It's all gone to shit

The upside to 'methodical'

In 2018, British Airways experienced a data breach that affected personal and credit card details for more than 400,000 customers. Now, the UK's Information Commissioner's Office has fined the airline £20M for that breach. This is substantially less than the £183M fine that it originally announced in July 2019, after taking into account the economic impact of Covid-19.

According to the BBC's report:

Data protection officer Carl Gottlieb said that in the current climate, £20m was a "massive" fine. "It shows the ICO means business and is not letting struggling companies off the hook for their data protection failures," he said.

BBC News droid

But, if the ICO had acted last year, when it stated its original intention, BA could have been looking at a far more thought-provoking fine. Fortunately for them, COVID-19 and the ICO's lack of urgency methodical working combined to let them off the hook.

The lag between incident and fine has raised eyebrows in privacy circles but I understand the Information Commissioner's Office has been working methodically to get it right. This is the commissioner's first major fine under the EU data regulation GDPR and was being watched closely by the rest of Europe as a potential landmark decision.

Joe Tidy, cyber reporter, BBC News

I would feel bad for BA if this weren't a self-inflicted injury, since available security measures had not been implemented on their platform; if they hadn't treated their staff so disgracefully; and if they still offered excellent service.

BA used to be a premium carrier, one that I was proud to fly. But it's been run into the ground, and now is to be avoided, unless absolutely necessary.

Admittedly, the airline industry has been in long decline over recent years, but BA's gouging is offensive. For short-haul flights, I would prefer that they offered no inflight catering, rather than selling M&S products at inflated prices; it's cheaper to buy the same food and drinks at M&S's own store at Heathrow Airport—hardly a bastion of cost consciousness—than on the flight itself. And I can't believe that the airline buys it at store retail prices in the first place. This is insulting, so screw 'em.

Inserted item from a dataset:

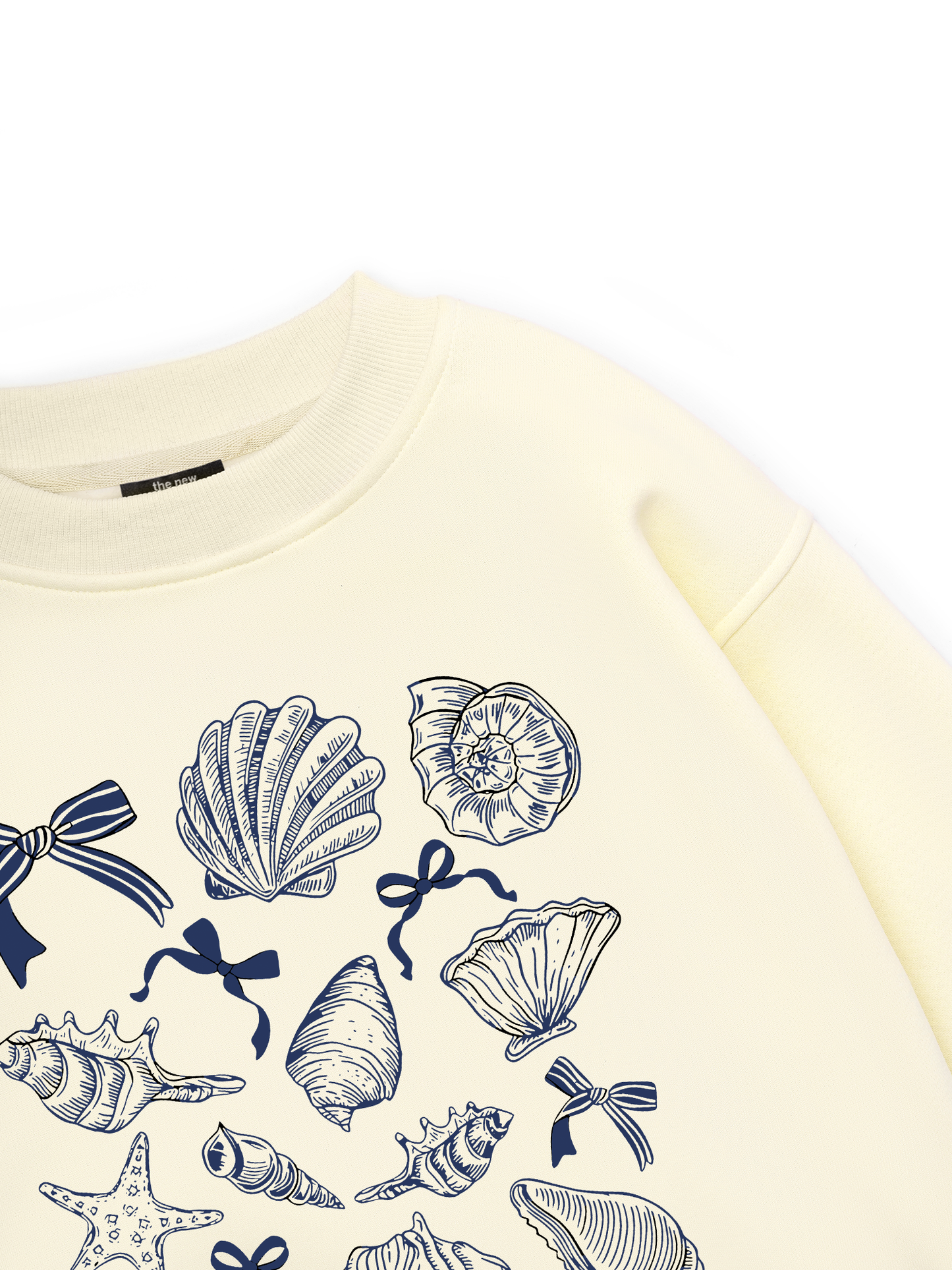 Ocean Blue Vibes  Sweater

Still, £20M is a fair chunk of change. I wonder if it'll be used to compensate those 400,000 customers?…(thinking)…Nah!

Lest you think that I'm being overly cynical about the distribution of the fine: The penalty is divided up between the other European data authorities, while the money that comes to the ICO goes directly to the Treasury. Government noses in the trough, and the real victims get nothing, as per usual.